この論争は、校長のシャロン・バーンズが、アイアン・メイデンのポスターの前で、ロックでお馴染みの手のジェスチャー「メロイック・サイン(devil horns)」を決めている写真と、アイアン・メイデンのマスコットであるエディの人形と数字の「666」が書かれたボードが登場する写真を投稿したことから端を発しています。
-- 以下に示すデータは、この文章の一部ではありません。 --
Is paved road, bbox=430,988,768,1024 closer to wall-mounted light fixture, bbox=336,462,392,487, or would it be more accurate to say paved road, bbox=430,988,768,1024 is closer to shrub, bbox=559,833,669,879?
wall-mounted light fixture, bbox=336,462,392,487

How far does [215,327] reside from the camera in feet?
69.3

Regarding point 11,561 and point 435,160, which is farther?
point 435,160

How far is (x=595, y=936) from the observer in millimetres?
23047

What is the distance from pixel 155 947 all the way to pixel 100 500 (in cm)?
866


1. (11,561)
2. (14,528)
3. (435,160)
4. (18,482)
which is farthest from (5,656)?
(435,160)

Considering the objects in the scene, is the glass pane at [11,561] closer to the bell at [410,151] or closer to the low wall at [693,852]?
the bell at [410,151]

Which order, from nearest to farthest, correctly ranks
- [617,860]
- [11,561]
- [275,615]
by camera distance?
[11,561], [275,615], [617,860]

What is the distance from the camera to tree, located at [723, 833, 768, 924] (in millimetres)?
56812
この2つの写真は、学校で使用しているInstagramアカウントに投稿されたものでした。

生徒の保護者の一部は、サイトchange.orgで始めた請願キャンペーンでこう主張しています。

「オンタリオ州セントキャサリンズのエデン高校に通う多感な子供を持つ親として、この学校に赴任した校長が、すべての生徒が見ることのできる公共のソーシャルメディア上で、悪魔のシンボルや悪魔崇拝への忠誠心を露骨に示したことに深く心を痛めています。
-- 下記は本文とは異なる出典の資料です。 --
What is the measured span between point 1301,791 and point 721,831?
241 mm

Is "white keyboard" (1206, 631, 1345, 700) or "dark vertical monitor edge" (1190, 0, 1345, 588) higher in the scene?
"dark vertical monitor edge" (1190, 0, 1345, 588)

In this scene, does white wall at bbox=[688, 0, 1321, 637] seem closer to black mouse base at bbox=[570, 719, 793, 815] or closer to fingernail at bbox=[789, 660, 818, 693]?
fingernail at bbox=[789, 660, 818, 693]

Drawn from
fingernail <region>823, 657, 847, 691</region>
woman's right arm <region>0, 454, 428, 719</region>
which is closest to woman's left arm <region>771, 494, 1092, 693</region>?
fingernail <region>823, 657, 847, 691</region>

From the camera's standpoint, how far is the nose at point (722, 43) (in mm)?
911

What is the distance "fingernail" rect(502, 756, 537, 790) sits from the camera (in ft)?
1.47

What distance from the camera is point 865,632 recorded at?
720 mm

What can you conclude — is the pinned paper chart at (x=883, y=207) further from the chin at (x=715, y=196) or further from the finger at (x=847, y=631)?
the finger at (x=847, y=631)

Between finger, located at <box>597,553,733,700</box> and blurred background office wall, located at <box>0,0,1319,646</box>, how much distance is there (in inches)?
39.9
学校はインクルージョン(※社会的な一体性や多様性を受け入れて一つになること)を基本としており、大多数の家族の理念に真っ向から反する悪魔のシンボルを(公共のソーシャルメディア上で)公然と表示することは、インクルージョンではない。親として私たちは、彼女が他の学校に転校することを要求します」

またChange.orgに寄せられた保護者のメッセージによると、保護者たちが心配しているのは校長の音楽の趣味ではなく、「666」が書かれたボードのようです。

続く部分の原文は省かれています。